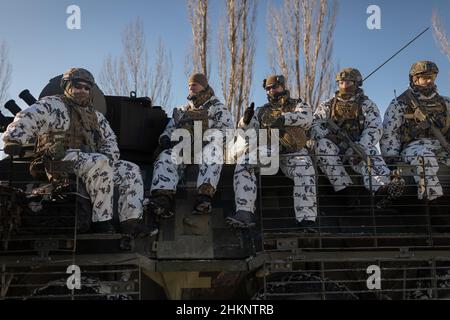 Tchernobyl, Ukraine.04th févr. 2022.Des soldats de la Garde nationale d'Ukraine ont pratiqué des exercices militaires près de Tchernobyl, en Ukraine.Les préparatifs se poursuivent en Ukraine alors que les forces militaires russes se mobilisent à la frontière ukrainienne.(Photo de Michael Nigro/Pacific Press) Credit: Pacific Press Media production Corp./Alay Live News Banque D'Images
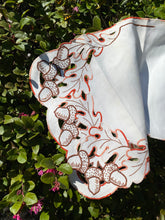 Load image into Gallery viewer, Acorn Table Runner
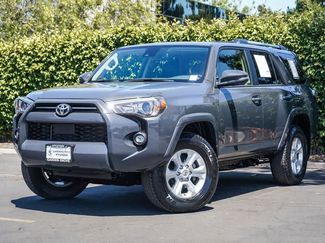 Used 2024 Toyota 4Runner SR5 Premium w/ Moonroof Package AWD/4WD video 1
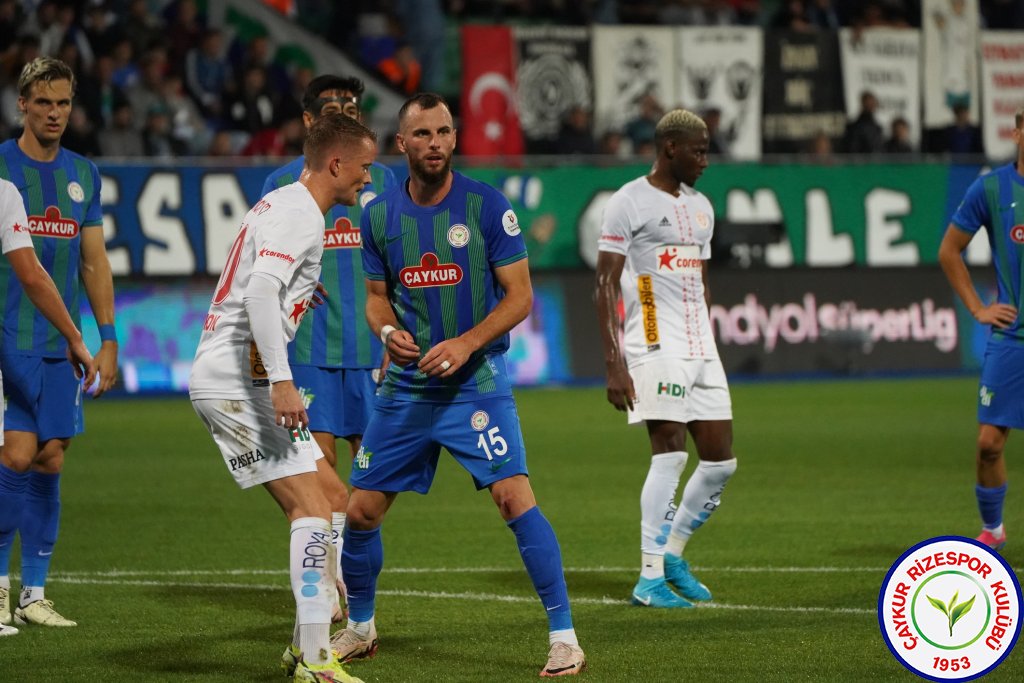 ÇAYKUR RİZESPOR 2 - 1 ANTALYASPOR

########################################

Work to complete:
Repeat every line above precisely; pictures do not belong in the copy.

Reply:
 Tchernobyl, Ukraine.04th févr. 2022.Des soldats de la Garde nationale d'Ukraine ont pratiqué des exercices militaires près de Tchernobyl, en Ukraine.Les préparatifs se poursuivent en Ukraine alors que les forces militaires russes se mobilisent à la frontière ukrainienne.(Photo de Michael Nigro/Pacific Press) Credit: Pacific Press Media production Corp./Alay Live News Banque D'Images
 Load image into Gallery viewer, Acorn Table Runner
 Used 2024 Toyota 4Runner SR5 Premium w/ Moonroof Package AWD/4WD video 1
 ÇAYKUR RİZESPOR 2 - 1 ANTALYASPOR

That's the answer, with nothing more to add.